5 ноября 1905 года. — Видел нынче вечером упомянутого юношу. В нём есть нечто такое наивное, спокойно-безмятежное, что, конечно, не может не вызвать смеха в зале, но это совсем не то, что мне нужно для моей пьесы. Я не скрыл этого от Кийарде, но тот тем не менее очень настаивал, чтобы я дал ему прочитать роль
— Но ведь он же комик.
— А что, вас это пугает?
— Чёрт возьми, но ведь роль Жака — это же роль первого любовника.
— А вы попробуйте.
— Да я не против... но...
— Через пару дней заберёте у него назад роль, это вас ни к чему не обязывает...
— Хорошо, согласен.
10 ноября. — Нынче после полудня он прочитал мне роль. Я не поверил своим ушам. В его интонациях было столько неподдельной искренности и в то же время сквозило такое чудачество, что теперь мне уже невозможно представить себе, чтобы роль Жака исполнялась как-то иначе — и каким-то другим актёром. Он открыл для меня, что пьеса моя была комической.
Вот имя этого актёра — и оно стоит того, чтобы его запомнить: Виктор Буше.
Позволительно ли мне будет сказать, что «Ноно» имела большой успех?

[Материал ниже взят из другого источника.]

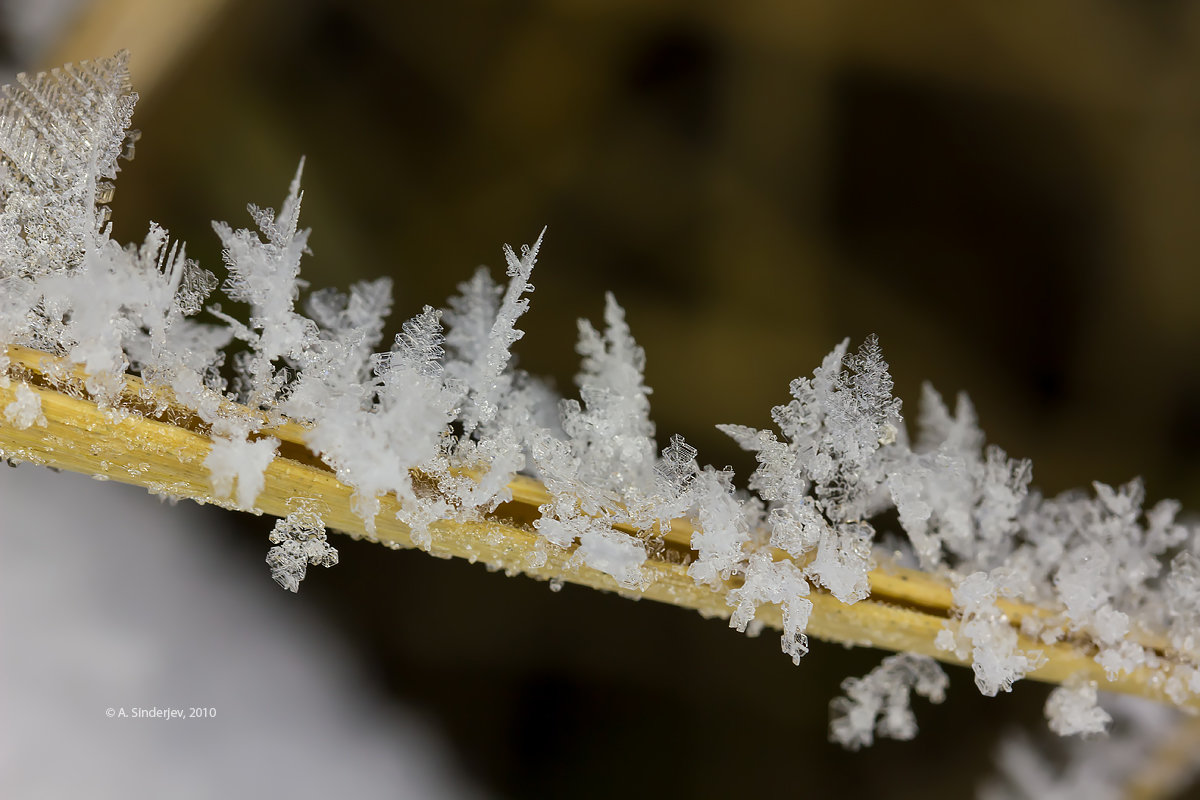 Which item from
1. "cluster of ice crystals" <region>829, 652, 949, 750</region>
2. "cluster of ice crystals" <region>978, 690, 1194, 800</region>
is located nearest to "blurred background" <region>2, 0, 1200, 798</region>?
"cluster of ice crystals" <region>978, 690, 1194, 800</region>

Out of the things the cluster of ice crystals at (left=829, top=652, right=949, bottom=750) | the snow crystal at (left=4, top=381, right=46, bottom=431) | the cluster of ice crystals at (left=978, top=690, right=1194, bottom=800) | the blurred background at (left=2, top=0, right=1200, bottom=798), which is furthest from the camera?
the blurred background at (left=2, top=0, right=1200, bottom=798)

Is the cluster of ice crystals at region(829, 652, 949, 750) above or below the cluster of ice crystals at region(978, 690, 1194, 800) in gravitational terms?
below

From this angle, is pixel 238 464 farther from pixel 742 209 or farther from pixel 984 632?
pixel 742 209

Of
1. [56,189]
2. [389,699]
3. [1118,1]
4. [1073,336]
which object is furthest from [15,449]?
[1118,1]

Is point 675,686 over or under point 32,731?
over

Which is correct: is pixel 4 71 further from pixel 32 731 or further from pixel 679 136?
pixel 679 136

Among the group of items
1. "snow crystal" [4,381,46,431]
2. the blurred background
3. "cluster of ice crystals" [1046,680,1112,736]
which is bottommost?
"snow crystal" [4,381,46,431]

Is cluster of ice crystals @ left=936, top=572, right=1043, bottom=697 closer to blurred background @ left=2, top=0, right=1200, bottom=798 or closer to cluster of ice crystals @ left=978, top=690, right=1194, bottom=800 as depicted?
cluster of ice crystals @ left=978, top=690, right=1194, bottom=800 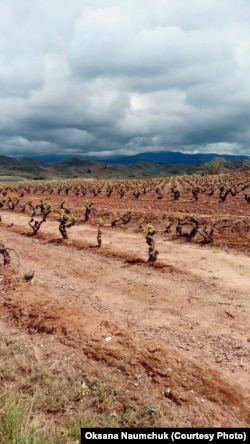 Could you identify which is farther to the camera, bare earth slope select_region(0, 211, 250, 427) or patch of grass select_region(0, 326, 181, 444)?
bare earth slope select_region(0, 211, 250, 427)

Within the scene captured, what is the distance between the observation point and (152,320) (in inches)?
382

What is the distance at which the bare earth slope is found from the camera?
6.81m

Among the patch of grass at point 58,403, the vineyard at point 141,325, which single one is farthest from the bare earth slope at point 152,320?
the patch of grass at point 58,403

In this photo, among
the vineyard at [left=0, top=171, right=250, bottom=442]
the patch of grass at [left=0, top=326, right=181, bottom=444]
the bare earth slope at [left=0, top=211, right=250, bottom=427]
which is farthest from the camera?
the bare earth slope at [left=0, top=211, right=250, bottom=427]

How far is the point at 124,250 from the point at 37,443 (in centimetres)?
1306

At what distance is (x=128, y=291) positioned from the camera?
12.0m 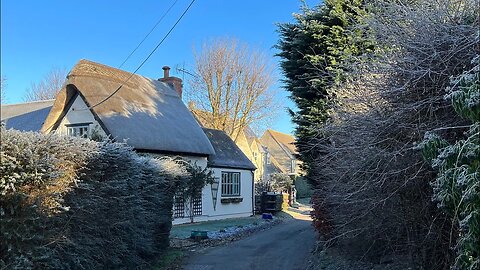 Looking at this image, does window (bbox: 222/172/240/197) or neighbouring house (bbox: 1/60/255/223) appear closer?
neighbouring house (bbox: 1/60/255/223)

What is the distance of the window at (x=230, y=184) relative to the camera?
22734mm

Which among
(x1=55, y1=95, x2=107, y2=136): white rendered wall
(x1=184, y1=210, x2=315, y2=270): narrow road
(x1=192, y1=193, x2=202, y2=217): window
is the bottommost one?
(x1=184, y1=210, x2=315, y2=270): narrow road

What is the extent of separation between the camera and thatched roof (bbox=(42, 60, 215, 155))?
55.8 ft

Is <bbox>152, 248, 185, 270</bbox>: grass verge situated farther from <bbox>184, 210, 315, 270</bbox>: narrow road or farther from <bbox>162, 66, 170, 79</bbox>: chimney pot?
<bbox>162, 66, 170, 79</bbox>: chimney pot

Вы уж позвольте мне немного похвастаться — ведь совсем скоро я поведаю вам, какое фиаско ожидало меня год спустя с моим «Ключом».
Не успели опустить занавес, как меня сразу же окружили, осыпая комплиментами, Тристан Бернар, Эдмон Се, Нозьер, Пикар, Пьер Мортье и многие другие, не перечесть... И тут вдруг вижу, как ко мне приближаются два человека, чьим словам суждено было неизгладимо отпечататься в моём сердце. Первый обнял меня, расточая комплименты, разумеется, незаслуженные, но которые тем вечером определили весь мой жизненный путь. Это был Октав Мирбо.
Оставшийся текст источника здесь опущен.